I do not like my Aunty Amaka very much, I never have and never will. She is fat but not my Daddy’s kind of good fat; she is the bad kind of fat that breaks things. When I was a baby she broke the red settee in the living room and complained that it was the ‘angle’ my mother had placed it that caused the settee to break. I know this because one day my Mummy told Aunty Clara, her friend from the next street while I was doing my homework at the dining table. They had laughed and laughed for a long time, slapping their thighs and cleaning tears from their eyes. I had laughed too until my Mummy saw me and eyed the laughter out of me then continued laughing with Aunty Clara.

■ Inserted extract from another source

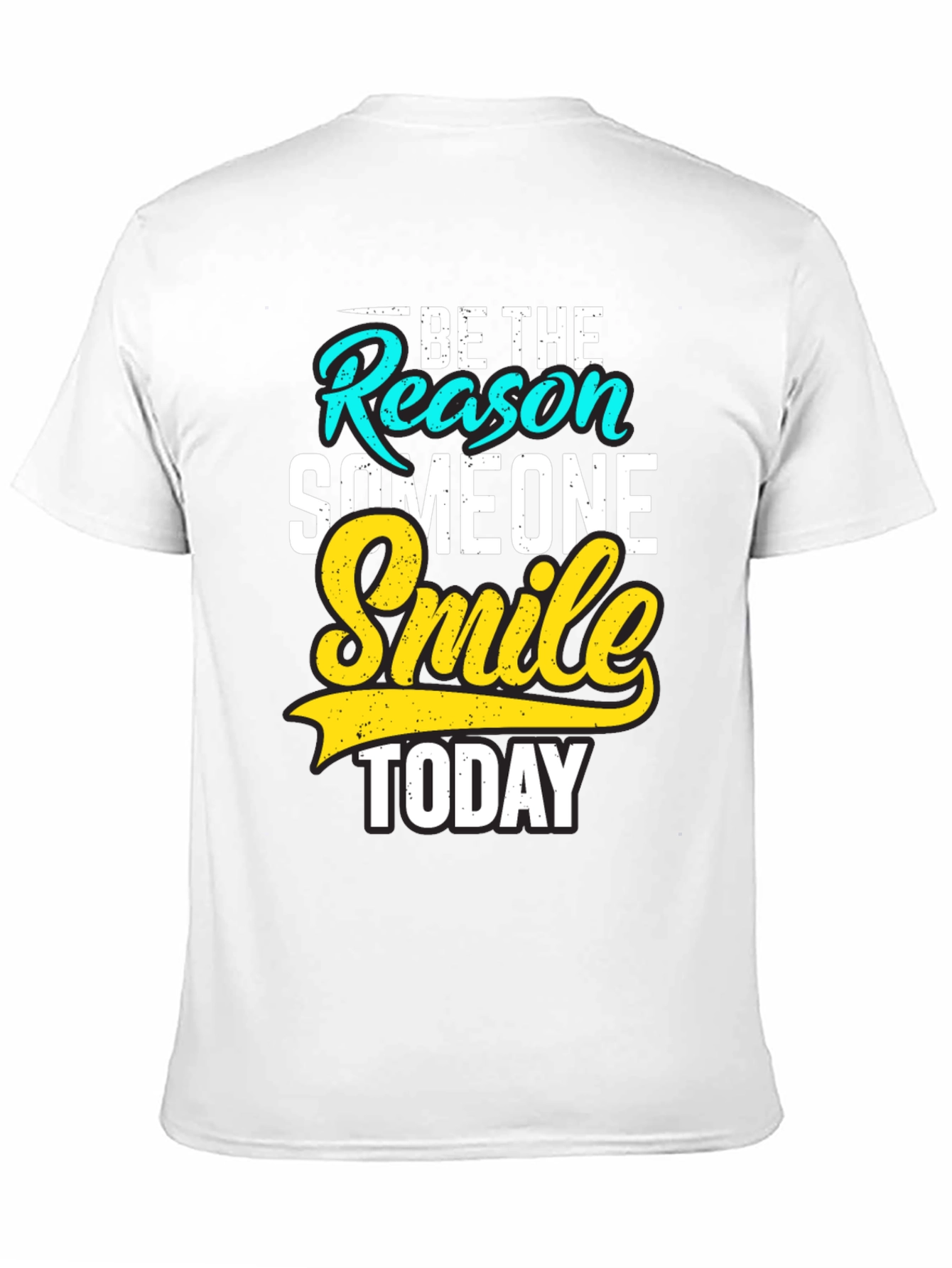 Be the Reason Smile Today Black Graphic Tee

I think Aunty Amaka lives with my grandma in the village because I see her there every Christmas and I don’t think Aunty Amaka has a husband like my Mummy and Daddy. Nobody tells me anything and when I ask her any question, Mummy gives me the eye and if I’m close by, she twists my ear. “Uche you will not kill me”. Nobody tells me anything so I have to watch and listen very carefully. Daddy said Aunty Amaka has been trouble from day one, I wasn’t there on Day One but she sure has been trouble since she came on Thursday. Thursday dinner was starch and ogbono soup, my Mummy makes the most delicious ogbono soup, rich red-brown gooey paste with lots of assorted meat in cubes and fish strands with green vegetables for colour or whatever, I just love it. “Too much salt”, said Aunty Amaka. I like the salt and wanted to say so but mother gave me the usual eye then smiled at Aunty Amaka and said the next one would be better. Better? This was the best.

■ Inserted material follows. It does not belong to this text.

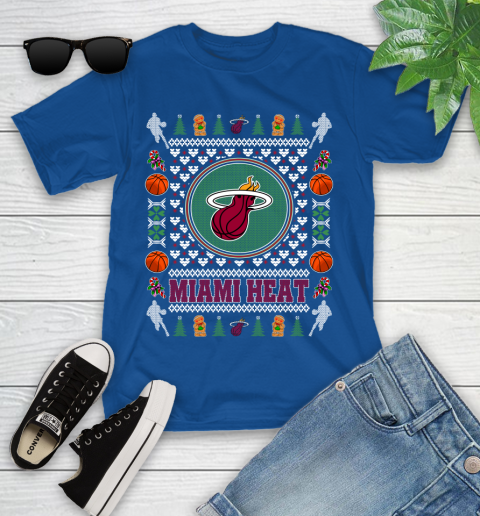 Miami Heat Merry Christmas NBA Basketball Loyal Fan Ugly Shirt 111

When my Daddy came back, she made a fuss about how he never called her these days and they have so much to catch up on. After his dinner my Daddy skipped his 9 o’clock news and went to bed, he only does that when Aunty Amaka is visiting or maybe he was just too tired like he said. He had always preferred to sleep off while watching the news than miss watching the news all together. When Daddy left Aunty Amaka started advising Mummy about her living room decorations, Mummy listened patiently nodding in agreement to all she said until she remembered that Daddy’s clothes needed ironing and excused herself. Then it was my turn.
“So what class are you now? hmmn Uche…”, said Aunty Amaka as she began to drill me about my school, my friends and everything about my life. I didn’t want her to disturb me so I didn’t answer very well at first but as she started to struggle out of the chair, maybe to look for mummy, that’s when I started to answer all her questions and even tell her stories about my school. She seemed interested because she sat back and continued her questioning; at last she sighed and said she would have a word with Mummy about me as my case was simply hopeless. I have been called many things I wondered if it was something I had said.

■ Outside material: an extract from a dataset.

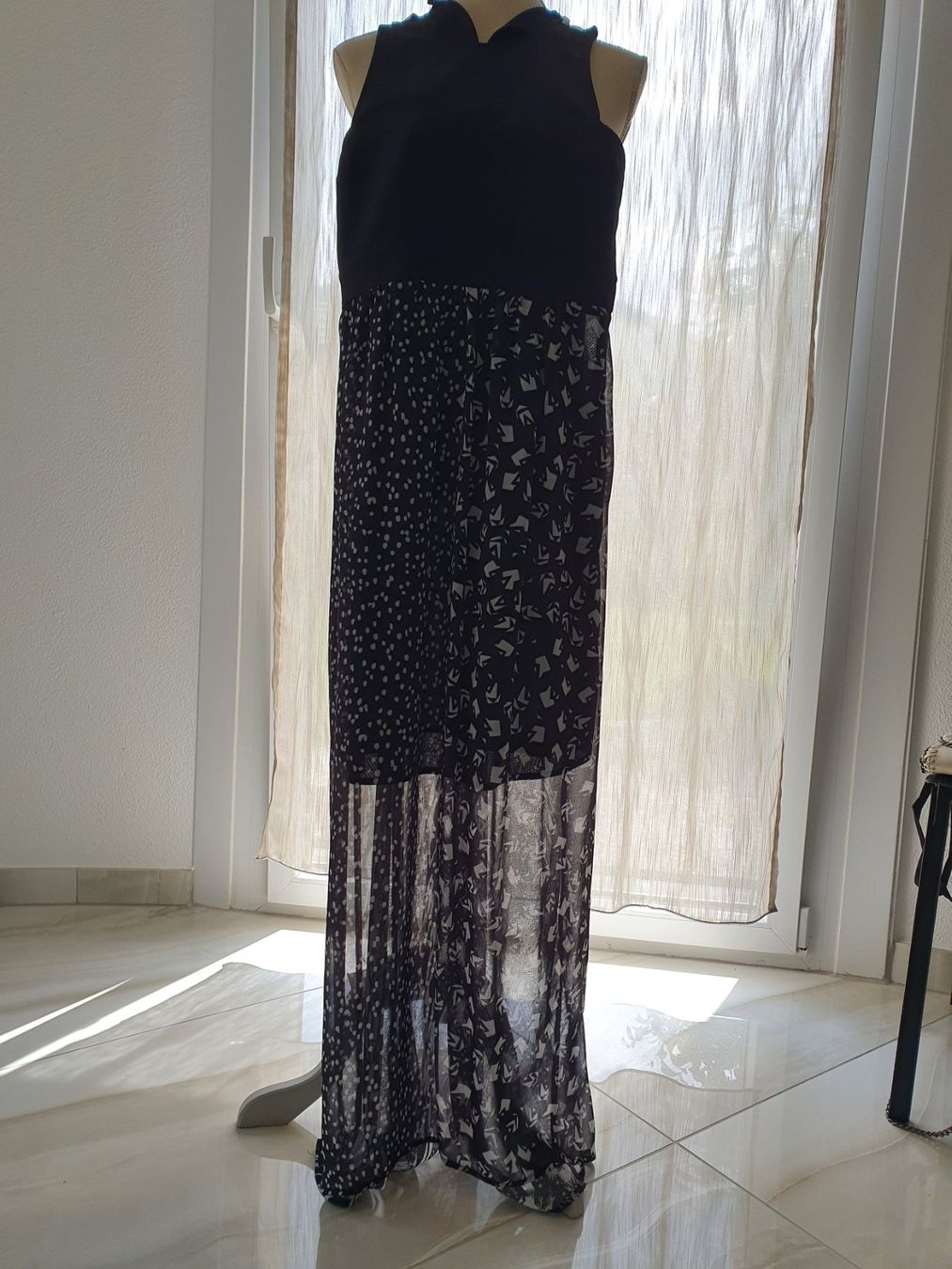 Manila Grace Vestiti: Robe longue Manila Grace taille 40. – Nuovo (secondo la descrizione) da CASLANO venduto da Bebesa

She was quiet for a while as she looked around the living room straining her neck with much difficulty, her eyes taking in everything as if seeing them for the first time. Suddenly she tilted her head in the direction my mother had disappeared. “Noni, your daughter keeps too many friends, and that’s a recipe for busy body”. My Mummy immediately re-appeared at the kitchen doorway, her hands wet apparently from washing dishes or something. She held them up pointedly, as she gave me that look “Ha Uche…” then waited. Aunty Amaka seemed to want to say something because she opened her mouth then closed it twice.
“Let me quickly finish up with the dishes,” my Mummy disappeared again.
Aunty Amaka then turned to me again “You’re too much trouble for your parents, I think I would move in with you people for a while so your mother can concentrate on getting pregnant again”
Crash! A plate broke in the kitchen.